2. Extended over four nights, the full cycle consists of almost 16 hours of music. Again, for contemporary reference, the full catalog of published music from The Beatles comes in at just over 19 hours.
3. “Ride of the Valkyries” is still used very often to emphasize dramatic scenes in popular film, television, and commercials. It was notably used in the 1979 film Apocalypse Now during an air cavalry assault in North Vietnam.
4. “Ride of the Valkyries” and several other opera melodies were also used in the Looney Tunes classic “What’s Opera, Doc?” where Bugs Bunny played a leporine Brünnhilde and Elmer Fudd played an aggressive Siegfried. This episode introduced a new generation to opera, and many still sing along with the lyrics “Kill da wabbit.” Interesting note: it was also selected for preservation in the National Film Registry by the Library of Congress for being “culturally, historically, and aesthetically significant.”
5. Wagner revolutionized opera by disposing of existing operatic rules and structures. He also created the “Leitmotif”—a musical theme that is associated with a main character. For example, in Star Wars, there is a different musical theme associated with Princess Leia, with Luke Skywalker, with Yoda, and with Darth Vader’s “Imperial March.”
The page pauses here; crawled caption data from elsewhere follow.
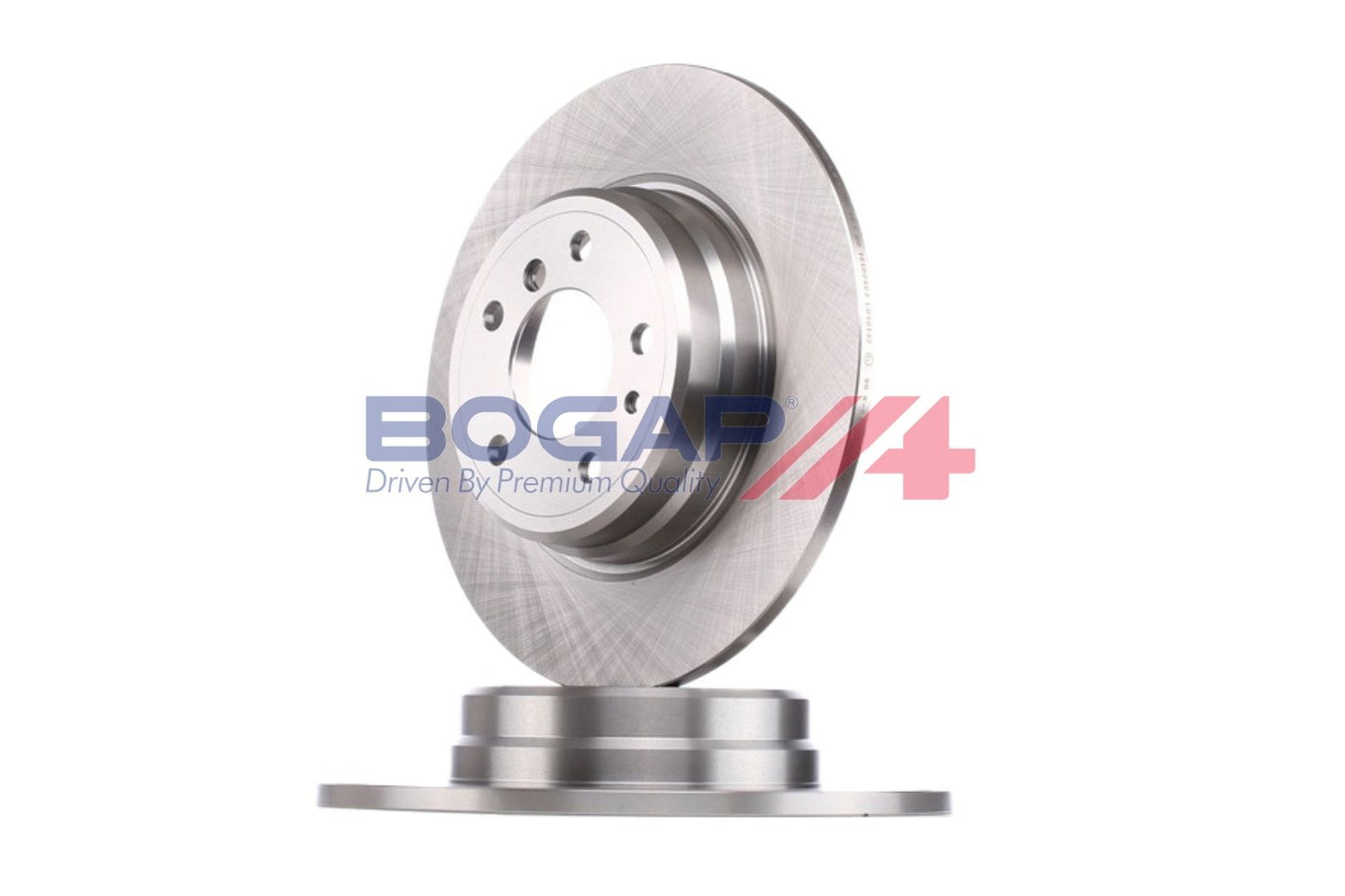 BOGAP B8211326 Brake Disc | ML Performance Car Parts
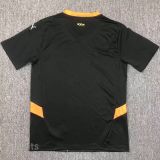 24-25 Shakhtar Donetsk Away Fans Soccer Jersey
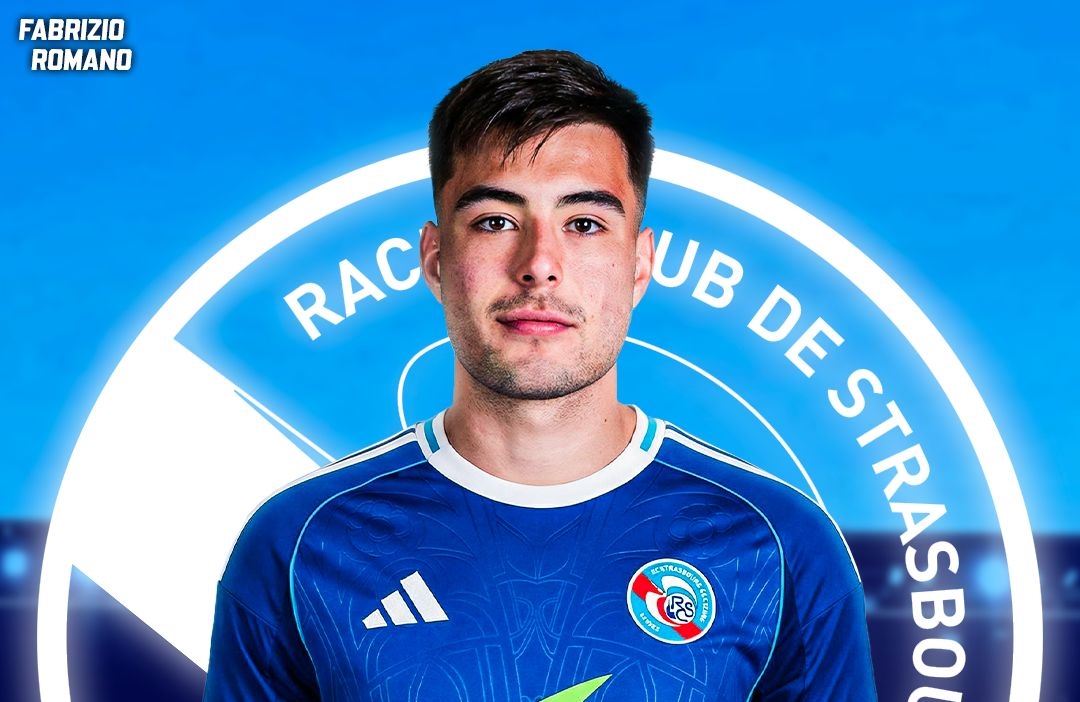 Ảnh bài viết Chelsea dằn mặt Dortmund khi gửi Aaron Anselmino đến Pháp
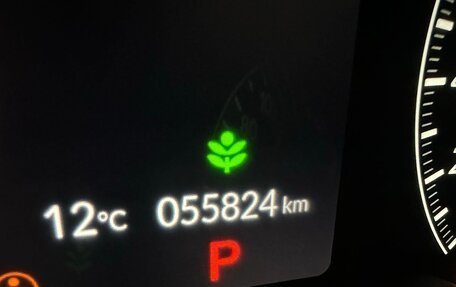 Honda Civic, 2021 год, 1 761 000 рублей, 11 фотография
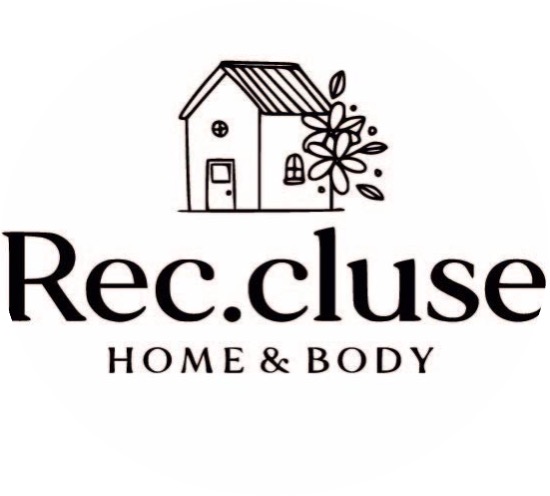 Logo for Recluse Home and Body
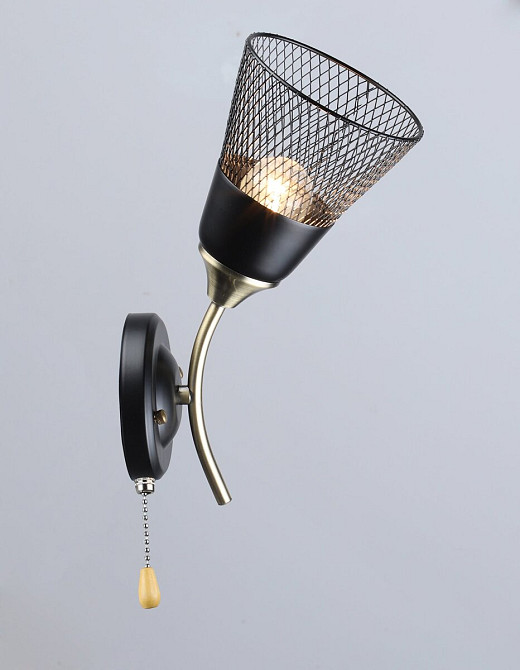 B N6782/1W AB+BK Коломия - фото 1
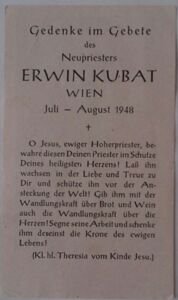 "Michael Archangel", Wien, SV, 661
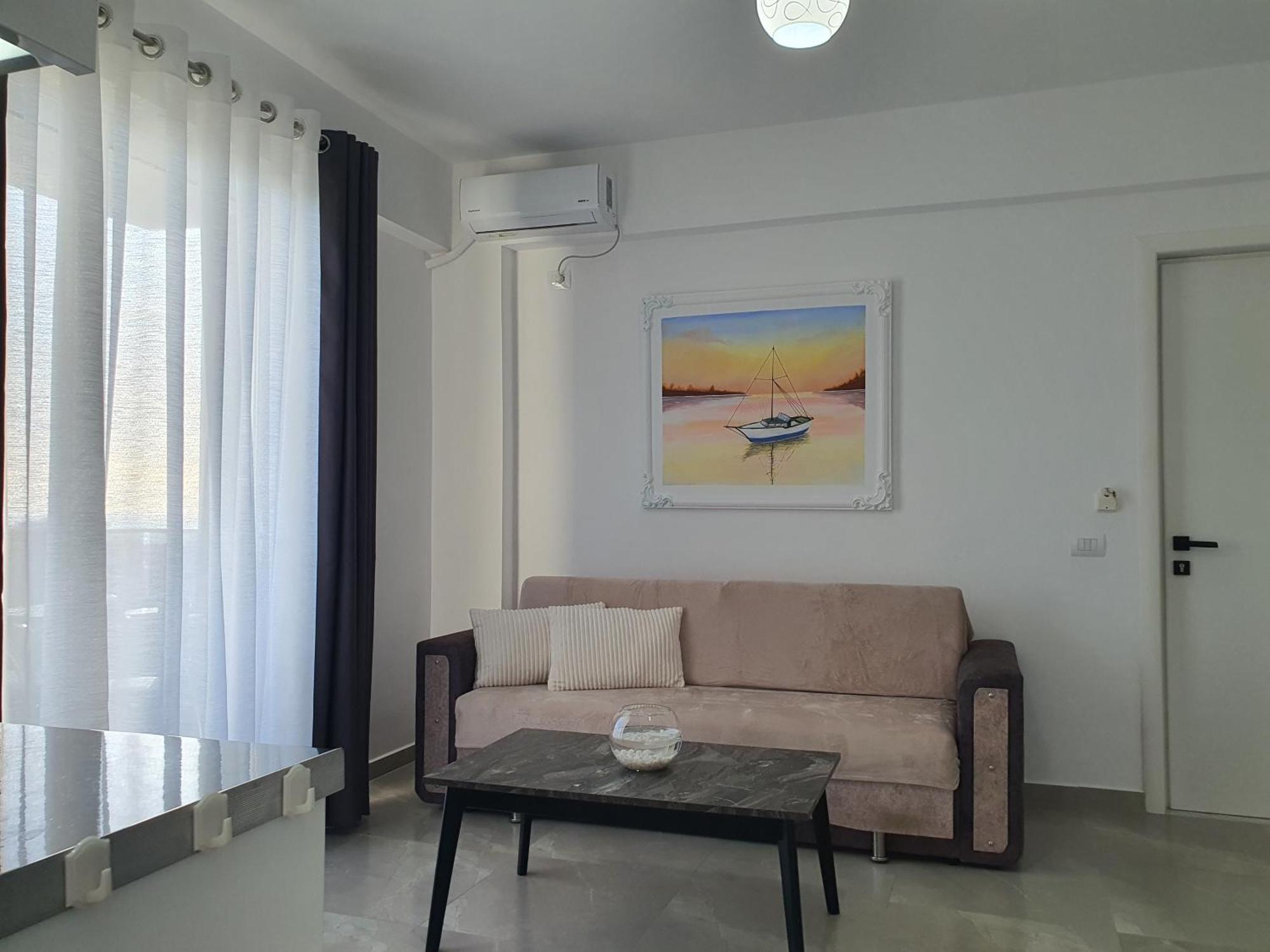 Flore Rooms Sarandë 客房 照片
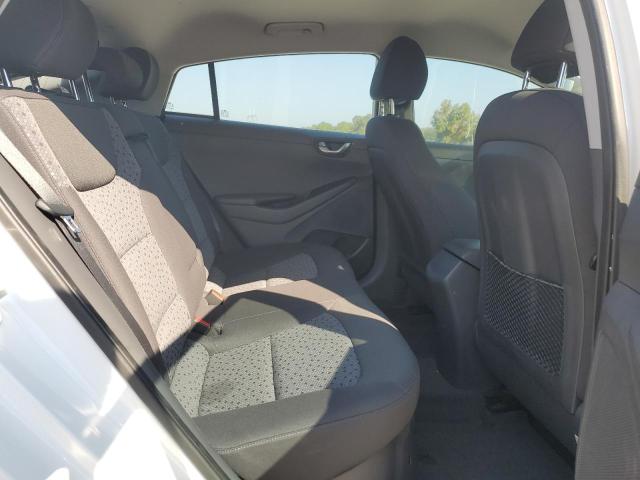2017 HYUNDAI IONIQ SEL - KMHC75LC3HU028547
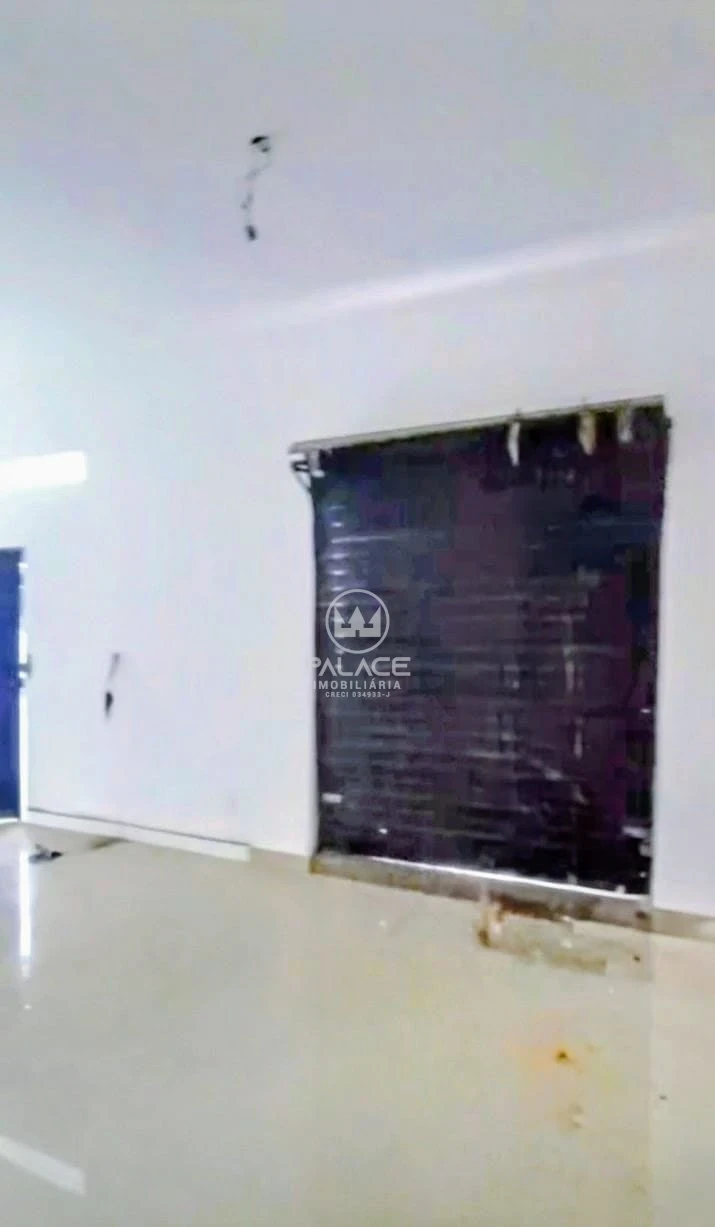 Comercial Para Alugar Cidade Alta Piracicaba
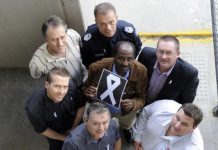 Anti-violence funds dry up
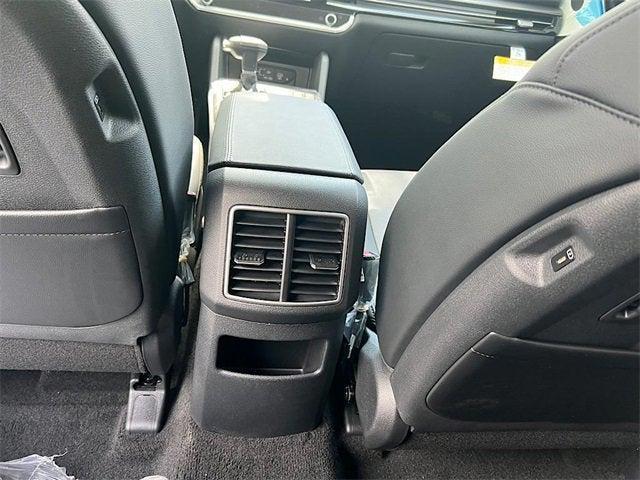 new 2026 Kia Sportage car, priced at $32,585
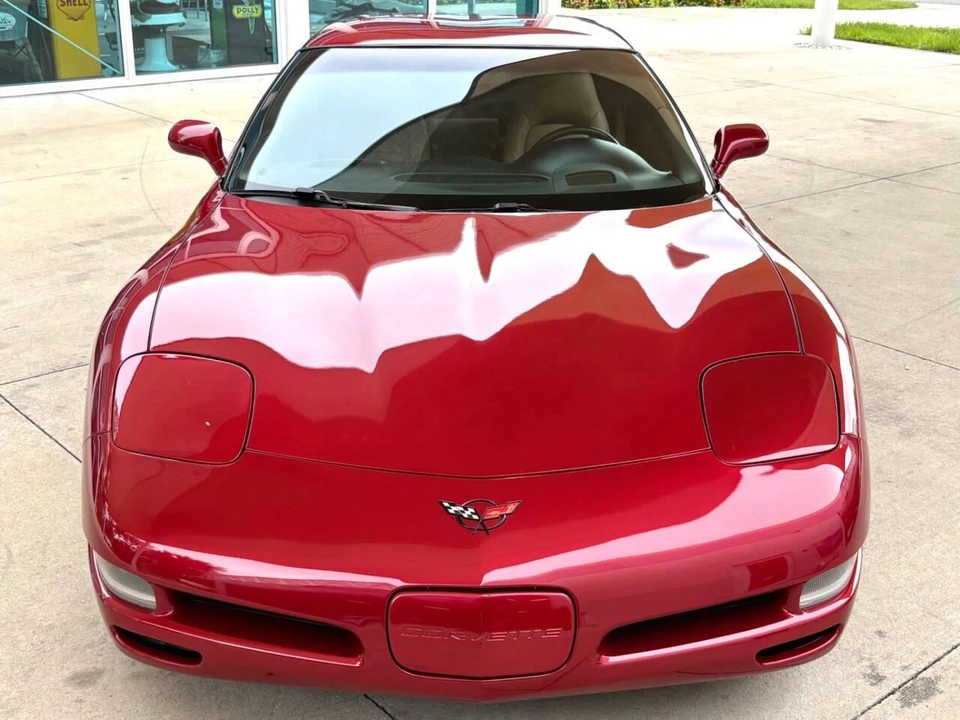 2004 Chevrolet Corvette C5 - Image 3 of 31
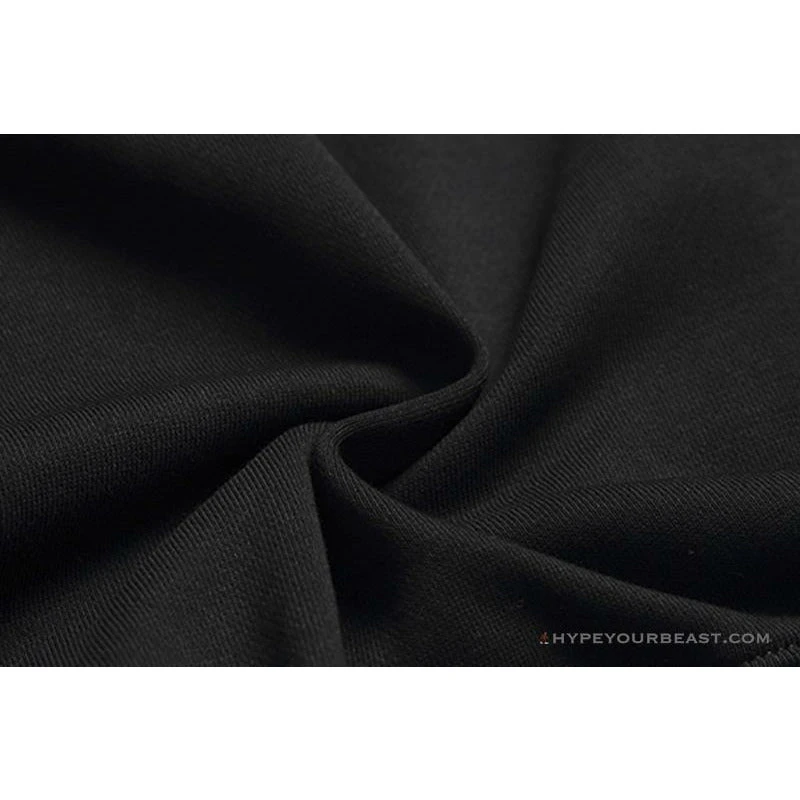 Off White Hoodie Black Fruits 12 Off White Hoodie Black Fruits - Image 12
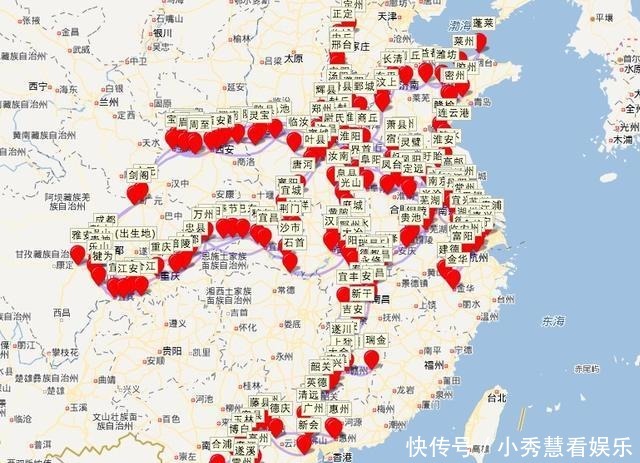 山水|宋朝文人:仕途多舛,人生不如意九点九?那就寄情山水、纵酒斗茶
6. It’s well known that Wagner was painfully meticulous in realizing the premiere production of the Ring in 1876, with fascinating-detailed blocking and performance direction. That said, his historical references were not so well-researched. The horned helmets that have become so closely-identified with this opera were meant to specifically-replicate those worn by Norse Vikings. However, there is actually no record of Vikings having ever worn horns, wings, antlers, or any other adornment on their helmets. I guess he could have used a dramaturg!
7. Although Wagner often looks like a stern, moralistic, and curmudgeonly man in photos, this is probably more representative of a “normal” man in his time than Wagner’s own personality. In practice, he was a compulsive flirt who fairly openly cheated on his wives. Documents also suggest that he dressed like late-1980s Prince, favoring heavy perfume, silk underwear, ruffled shirts, and women’s jackets.
8. Specifically for the Ring cycle, Wagner created a new form of Tuba to enrich the harmonies of the piece. The instrument is a cross between a French Horn and a Saxophone.
9. The Sydney Symphony Orchestra helped summarize the expansive plot of the Ring in just 2.5 minutes! It is amazing and hilarious (and actually very helpful!). Watch it now by clicking into the video below!
10. And finally, Wagner and his partner, Minna Planer, had a large Newfoundland named Robber.